When New Haven began distributingidentity cards to residents this summer, the goal was to provide a simple means for everyone to take advantage of city services and economic opportunities like bank accounts and job openings.

The Elm City Resident Card cannot transform city management or give opportunity to everyone. But Mayor John DeStefano hoped that the card would give some invisible souls some access to city services, bank accounts, and employment opportunities.

Mr. DeStefano hoped to improve the city’s mood as well. Immigrants faced attacks from predators who knew they could not open bank accounts and so had to carry cash. A larger environment of resentment fostered “a lack of civility and order in our community,” Mr. DeStefano said.

The ID card has become a symbol of welcome to immigrants in New Haven. New York, San Francisco, and Washington State are considering using the New Haven model for ID cards.

Symbols, though, carry different messages to different groups. As the zoologist Desmond Morris has noted, “even the thumbs-up gesture is an obscene one in some parts of the world.” New Haven’s ID card angered activists on both right and left, suggesting there’s some merit in this symbolic gesture.

Activists for border control started a mock campaign to convince illegal immigrants to flock to New Haven. The president of the Americans for Legal Immigration, William Gheen, says New Haven is committing a felony by helping illegals to get social services. “Let a few thousand more go there and use their [social] services until New Haven needs to ask for federal assistance,” he said.
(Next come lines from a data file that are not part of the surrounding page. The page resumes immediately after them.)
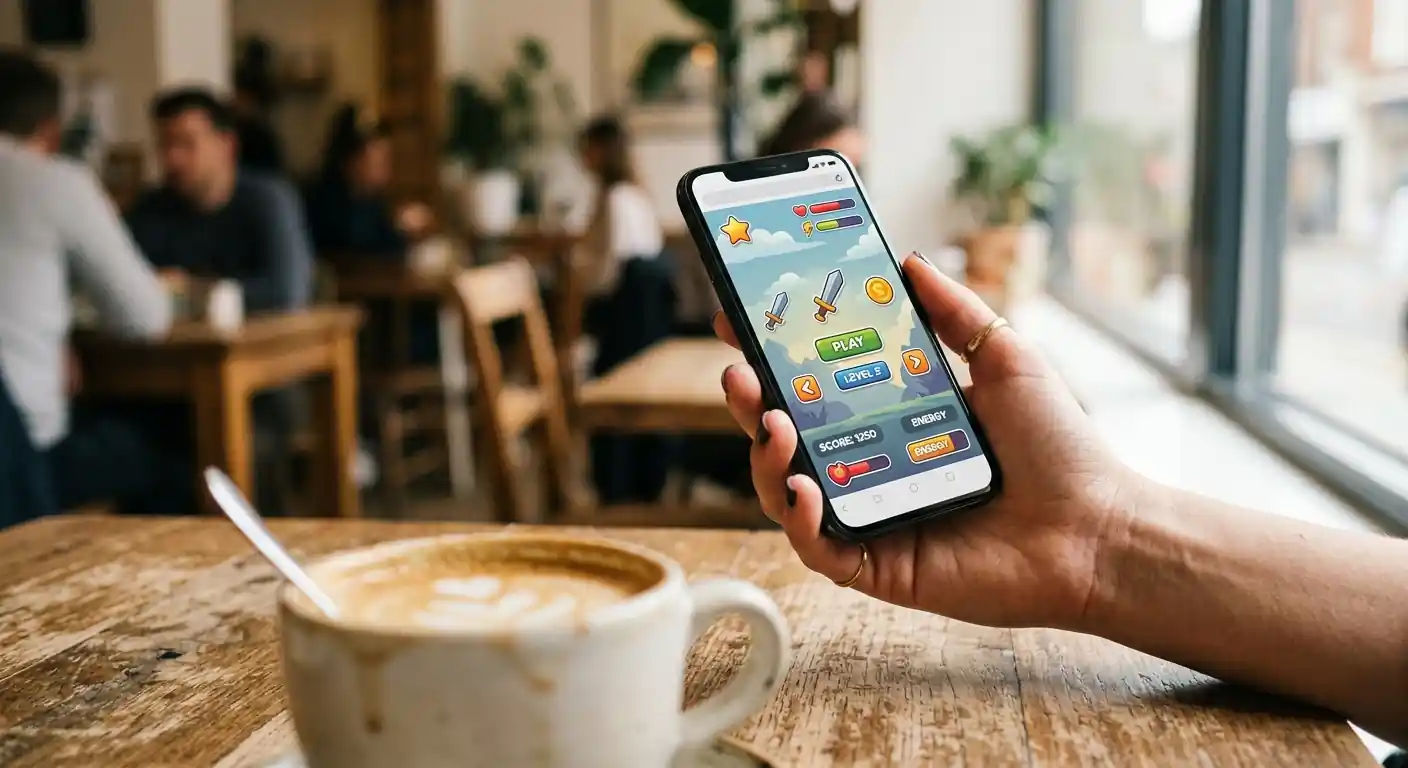 Smartphone in einer Hand mit neutraler Spieloberfläche im Browser, Kaffeebecher im Hintergrund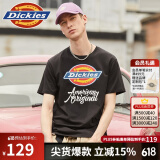dickies 纯棉短袖T恤男 情侣男女同款 印花休闲百搭上衣7087 黑色 XL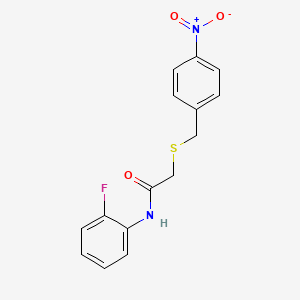 molecular formula C15H13FN2O3S B5704016 N-(2-fluorophenyl)-2-[(4-nitrobenzyl)thio]acetamide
On the left, critics have charged that New Haven is inviting cruel roundups of illegal aliens and abuses of privacy. Just days after New Haven passed the ID legislation, agents from the U.S. Customs and Immigration Enforcement rounded up 32 New Haven residents. Many of those arrested were wanted for deportation.

An organizer for Junta for Progressive Action in the Latino neighborhood of Fair Haven, Kica Matos, pushed for the cards when immigrants were targeted for attacks, abused by slumlords, and excluded from school and other programs. Without some form of ID, aliens were invisible.

The galvanizing event was the stabbing death of a Mexican man named Manuel Santiago, who was living in New Haven legally. After he cashed a paycheck from his maintenance job, he was attacked by a robber. When Santiago struggled, he was killed.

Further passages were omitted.